Exercise objective: Write each line out exactly, from the one containing "Electrician working with" through the final line of the data, and keep pictures out of the copy.

[Opening Data extracts section]

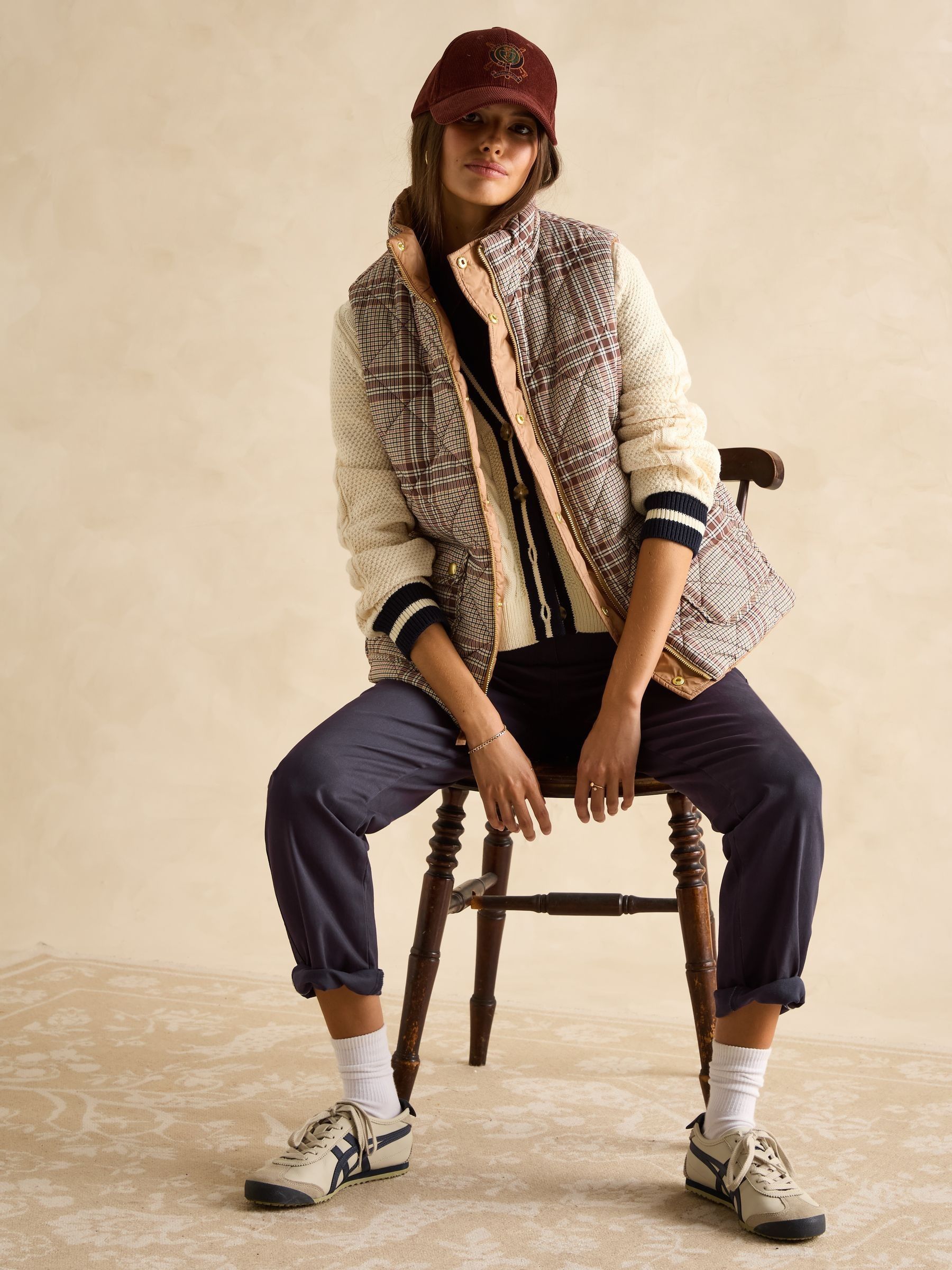 Tan Check Reversible Showerproof Gilet - Image 8 of 10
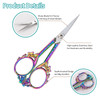 Vintage Stainless Steel Scissors - Small Sewing & Crochet Scissors for Needlework Craft & Art Work - Manual DIY Tool with PU Leather Sheath (Rainbow)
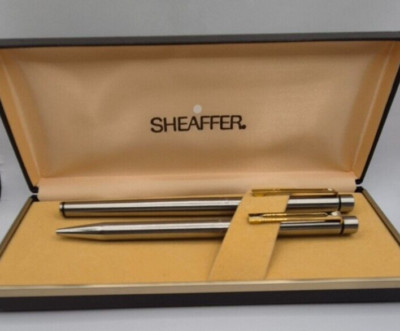 Sheaffer Targa Slim Schreibset Füllfederhalter 585 Gold Feder Kugelschreiber
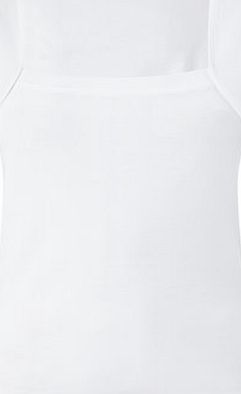 Bhs Womens White Square Neck Vest, white 2424000306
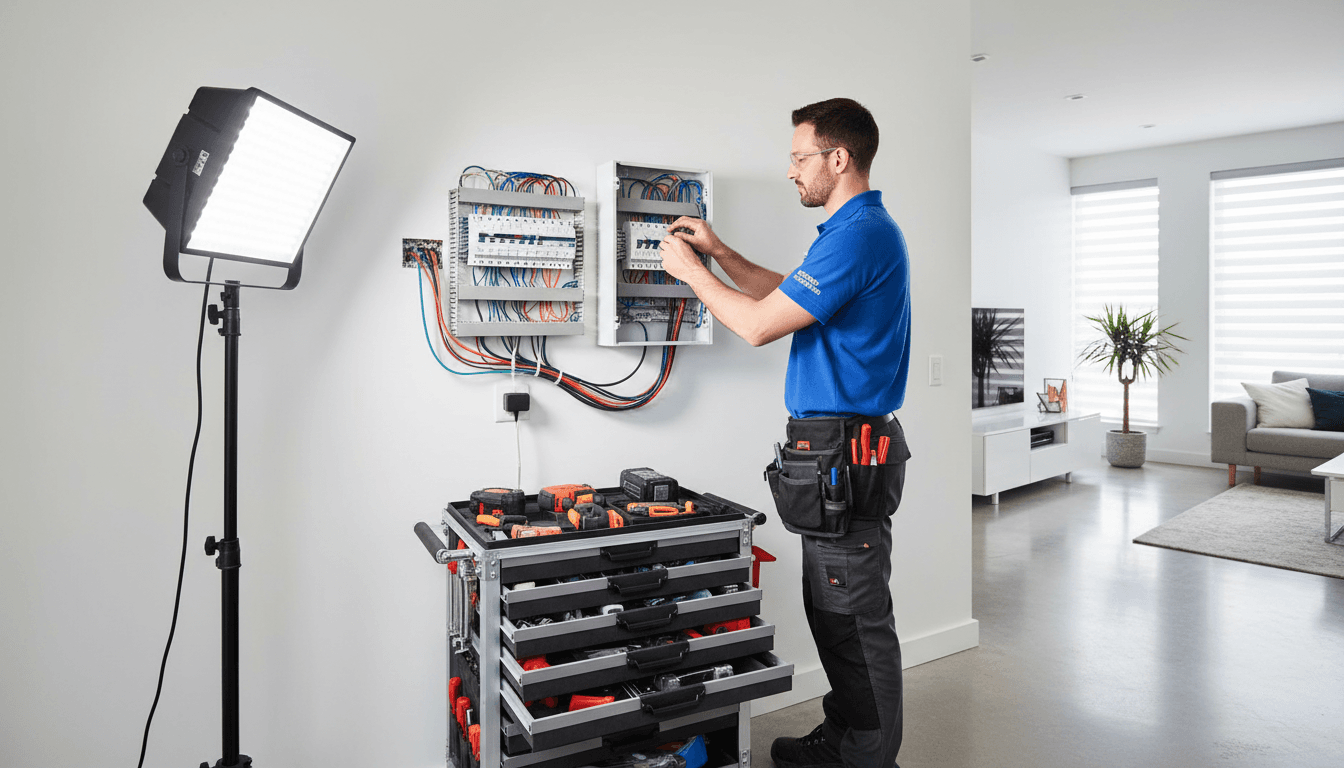 Electrician working with wiring in a residential home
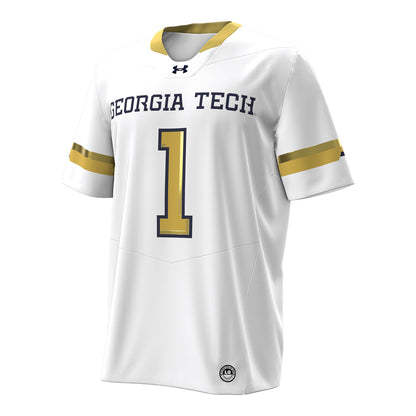 Georgia Tech Under Armour #1 White Replica Football Jersey - Front View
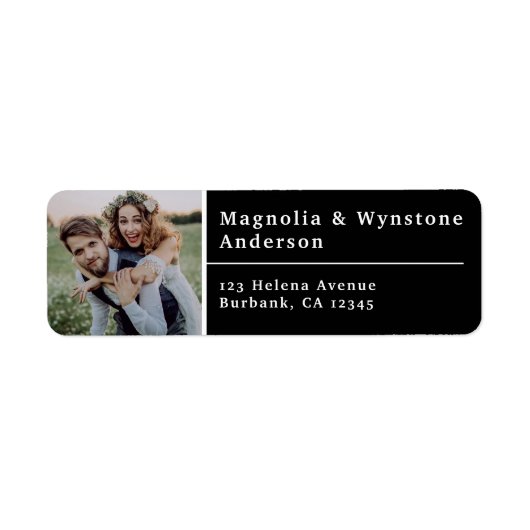 Black Modern Photo Wedding Return Label (Voorkant)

[Closing Data extracts section]

Solution for this exercise:
 Electrician working with wiring in a residential home
 Georgia Tech Under Armour #1 White Replica Football Jersey - Front View
 Black Modern Photo Wedding Return Label (Voorkant)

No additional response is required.